Question

A large department store examined a sample of 18 credit card sales and recorded the amounts charged for each of three types of credit cards: MasterCard, Visa, and Discover. Six MasterCard sales, seven Visa, and five Discover sales were recorded. The store used an ANOVA to test if the mean sales for each credit card were equal.

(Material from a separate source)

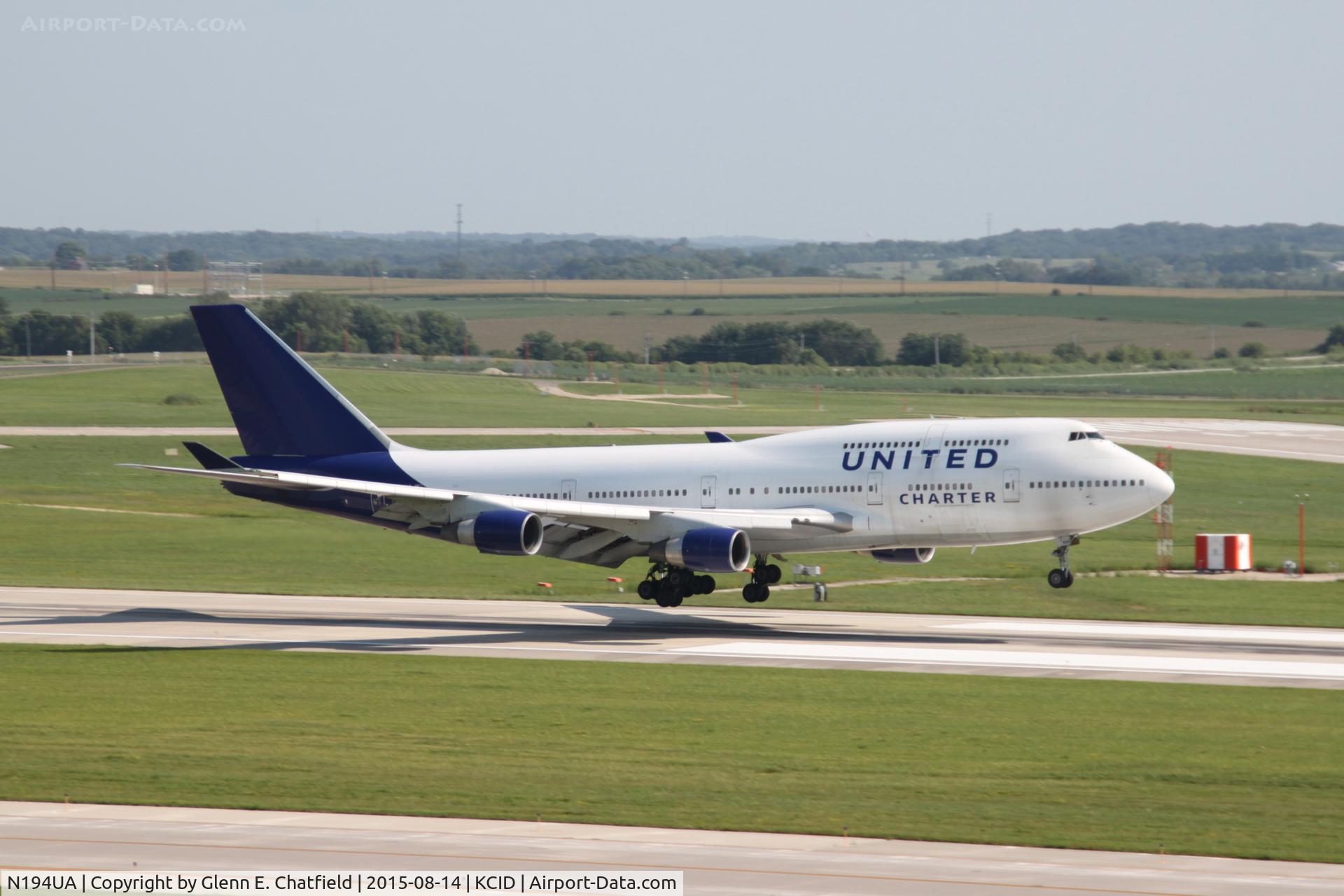 N194UA, 1997 Boeing 747-422 C/N 26892, Arriving Cedar Rapids
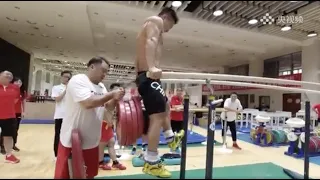 LU Xiaojun does 100kg dips (first time after 6,7 years) Footage from Sep 2020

What are the degrees of freedom for the F statistic?

a. 3 in the numerator, 18 in the denominator

b. 18 in the numerator, 3 in the denominator

c. 6 in the numerator, 15 in the denominator

d. 2 in the numerator, 15 in the denominator

Answer 1

d. 2 in the numerator, 15 in the denominator

Explanation:

Analysis of variance (ANOVA) "is used to analyze the differences among group means in a sample".

The sum of squares "is the sum of the square of variation, where variation is defined as the spread between each individual value and the grand mean"

If we assume that we have
`3` groups and on each group from
`j=1,\dots,n_j` we have
`n_j` individuals on each group we can define the following formulas of variation:

`SS_(total)=\sum_(j=1)^p \sum_(i=1)^(n_j) (x_(ij)-\bar x)^2`

`SS_(between)=SS_(model)=\sum_(j=1)^p n_j (\bar x_(j)-\bar x)^2`

`SS_(within)=SS_(error)=\sum_(j=1)^p \sum_(i=1)^(n_j) (x_(ij)-\bar x_j)^2`

We want to test this hypothesis:

`\mu_(Master card)=\mu_(Visa)=\mu_(Discover)`

And we have this property

`SST=SS_(between)+SS_(within)`

The degrees of freedom for the numerator on this case is given by
`df_(num)=df_(within)=k-1=3-1=2` where k =3 represent the number of groups.

The degrees of freedom for the denominator on this case is given by
`df_(den)=df_(between)=N-K=18-3=15`.

And the total degrees of freedom would be
`df=N-1=18 -1 =17`

On this case the correct answer would be 2 for the numerator and 15 for the denominator.

d. 2 in the numerator, 15 in the denominator